### Task item
Beginning with the line that includes "100 Fairway Park" and ending with the last line, print the records exactly, leaving every picture out.

———

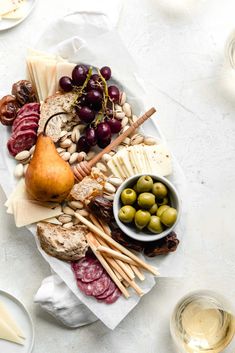 an assortment of cheeses, meats and olives on a platter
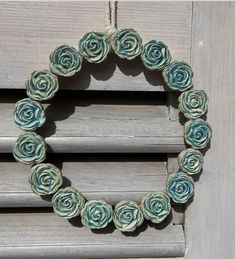 a close up of a wreath made out of paper flowers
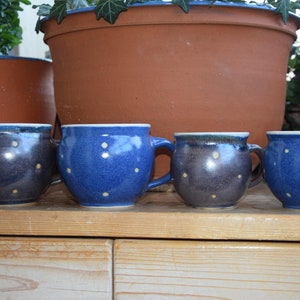 Può includere: Quattro tazze in ceramica blu con pois bianchi. Le tazze sono disposte in fila su una superficie di legno.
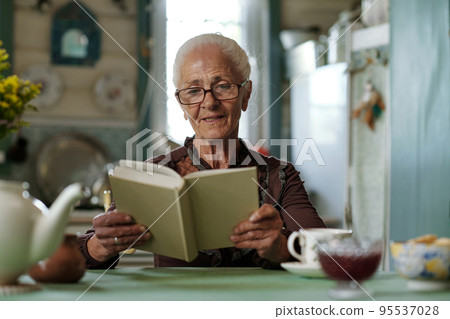 Senior woman in eyeglasses reading captivating story or novel after breakfast Senior woman in eyeglasses reading captivating story or novel after breakfast 95537028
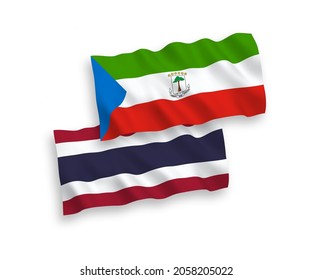 National vector fabric wave flags of Republic of Equatorial Guinea and Thailand isolated on white background. 1 to 2 proportion.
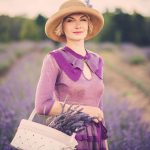 classy woman in a purple dress, standing in a field of lavender, with a basket of flowers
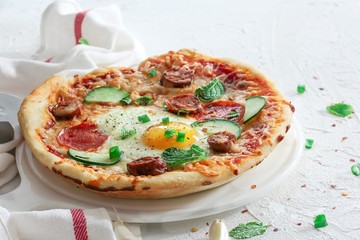 Homemade breakfast Pizza with fried egg pepperoni and veggies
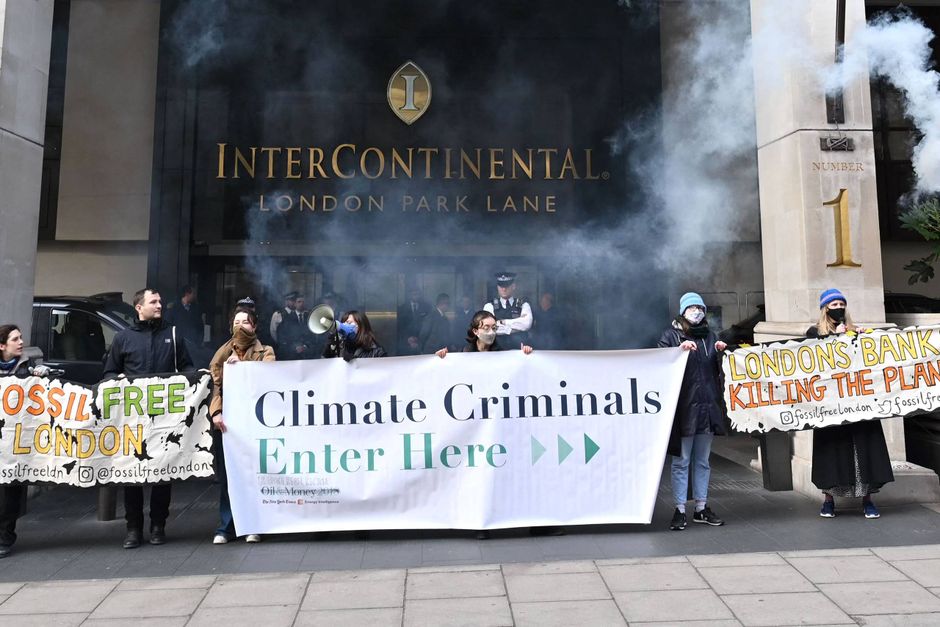 Klimaaktivister blokerer indgangen til InterContinental Park Lane i London, hvor en stor del af International Energy Week 2023 finder sted. Det store banner er i øvrigt genbrug fra konferencen Oil & Money 2018, der fandt sted samme sted. Foto: AFP/Justin Tallis 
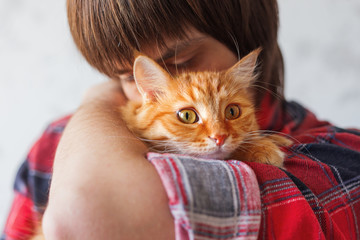 Man in tartan shirt holding cute ginger cat. Pet adoption, stray cat now has home. Fluffy pet looks puzzled.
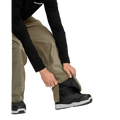 Person adjusting the zippered ankle cuff of olive Volcom Kleveland snowboard pants over a black snowboard boot.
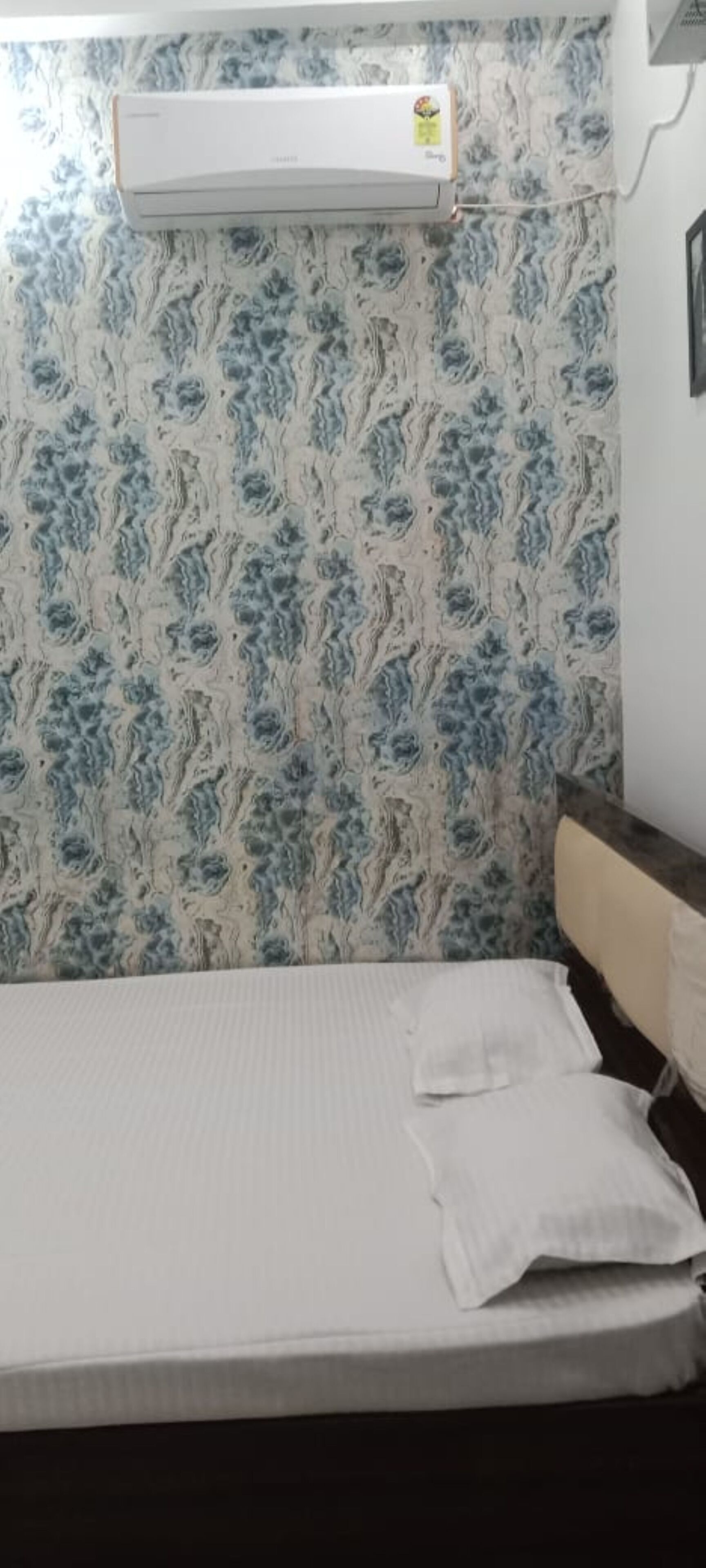 Una habitación con una cama, aire acondicionado de pared y papel tapiz estampado.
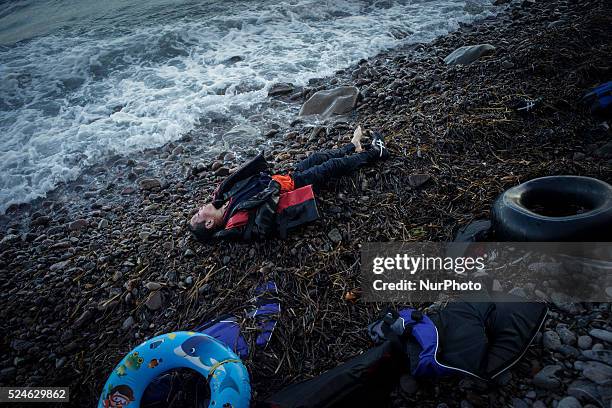 Boy lies dead on the shore of Skala Sikamineas after the sea washed him out. Lesbos, November 1, 2015.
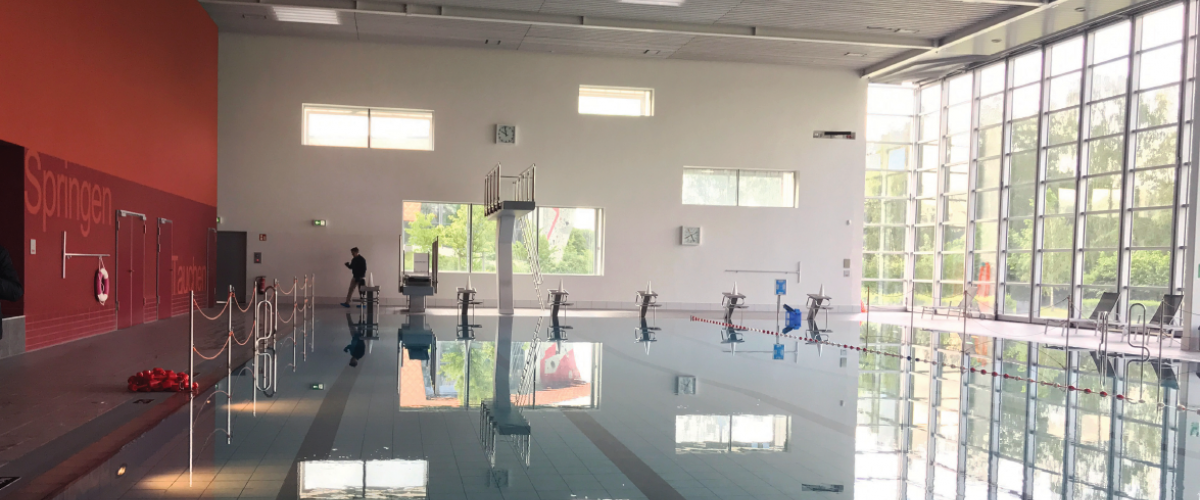 Innside av svømmehall med basseng og hoppetårn. 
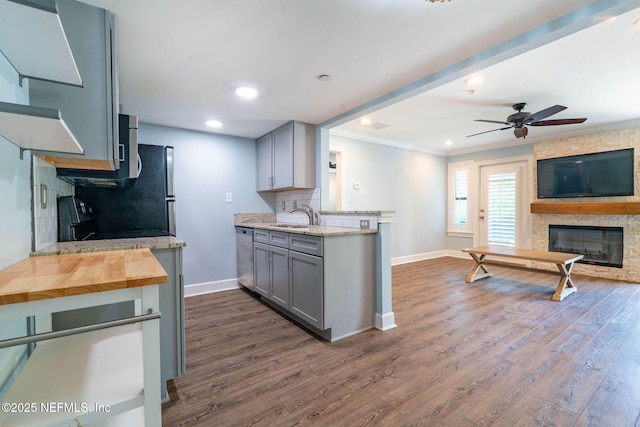 100 Fairway Park Blvd Unit 1306, Ponte Vedra Beach, FL 32082 - kitchen with gray cabinetry, a fireplace, open floor plan, crown molding, and stainless steel dishwasher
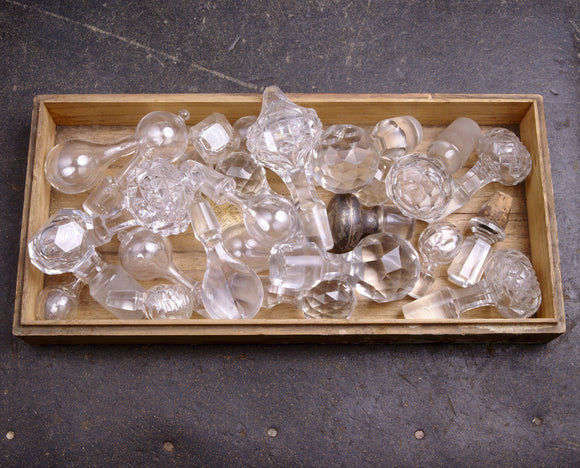 A tray full of glass stoppers, and one with silver, for decanters, in the Butlers Passage at Tyntesfield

———

### Exercise output
 100 Fairway Park Blvd Unit 1306, Ponte Vedra Beach, FL 32082 - kitchen with gray cabinetry, a fireplace, open floor plan, crown molding, and stainless steel dishwasher
 A tray full of glass stoppers, and one with silver, for decanters, in the Butlers Passage at Tyntesfield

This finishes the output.